Exactly the lines starting at the line containing "BLACK TIGER Peeled shrimp 16/20 - 10x1kg" and ending at the line containing "Motichoor Laddoo is" are to be written out from the listing below, both included.

Provided records:
==========
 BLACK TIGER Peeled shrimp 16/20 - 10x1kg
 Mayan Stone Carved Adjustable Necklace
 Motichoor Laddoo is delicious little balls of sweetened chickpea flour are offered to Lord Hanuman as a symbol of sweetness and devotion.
==========
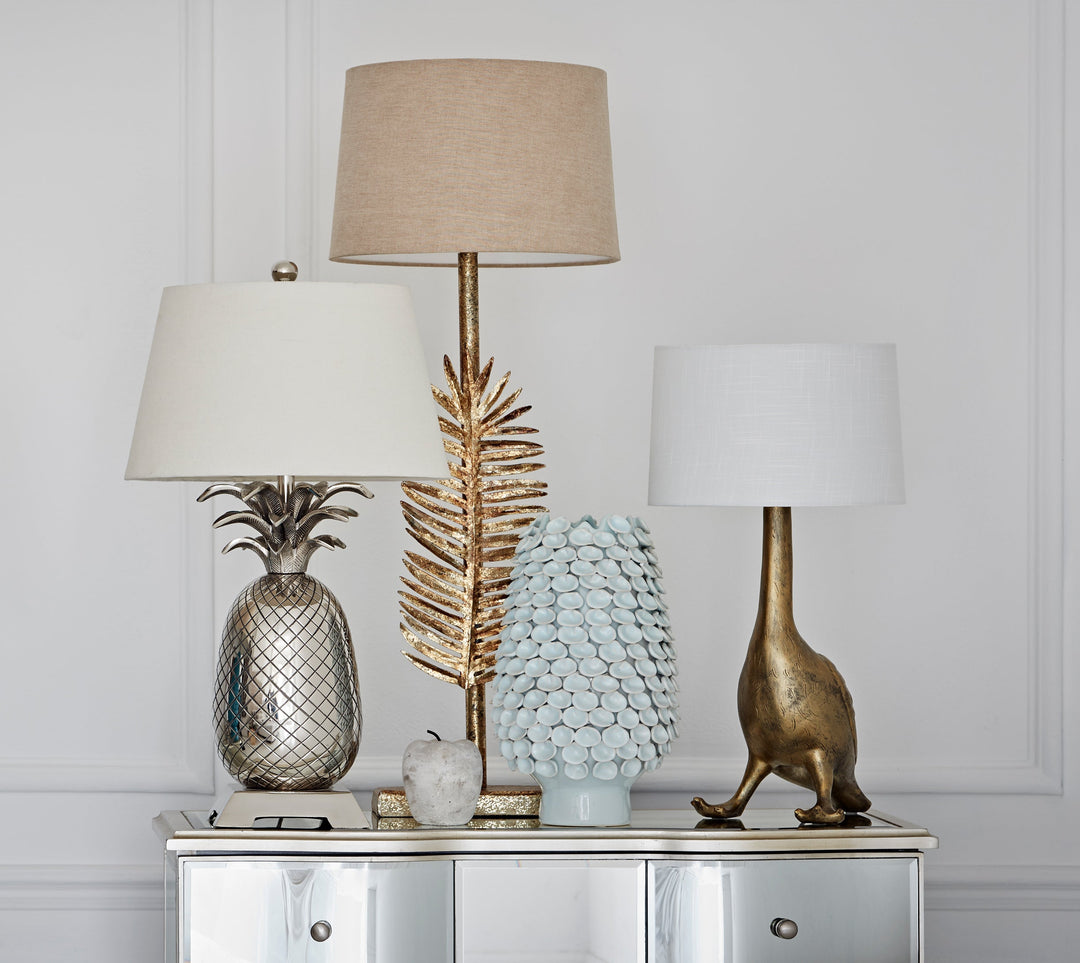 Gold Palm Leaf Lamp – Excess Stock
==========
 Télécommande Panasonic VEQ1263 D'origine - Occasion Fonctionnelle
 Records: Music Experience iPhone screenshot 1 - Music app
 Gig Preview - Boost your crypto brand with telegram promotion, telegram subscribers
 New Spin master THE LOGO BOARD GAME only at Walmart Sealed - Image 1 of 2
==========
Solved problem:
 BLACK TIGER Peeled shrimp 16/20 - 10x1kg
 Mayan Stone Carved Adjustable Necklace
 Motichoor Laddoo is delicious little balls of sweetened chickpea flour are offered to Lord Hanuman as a symbol of sweetness and devotion.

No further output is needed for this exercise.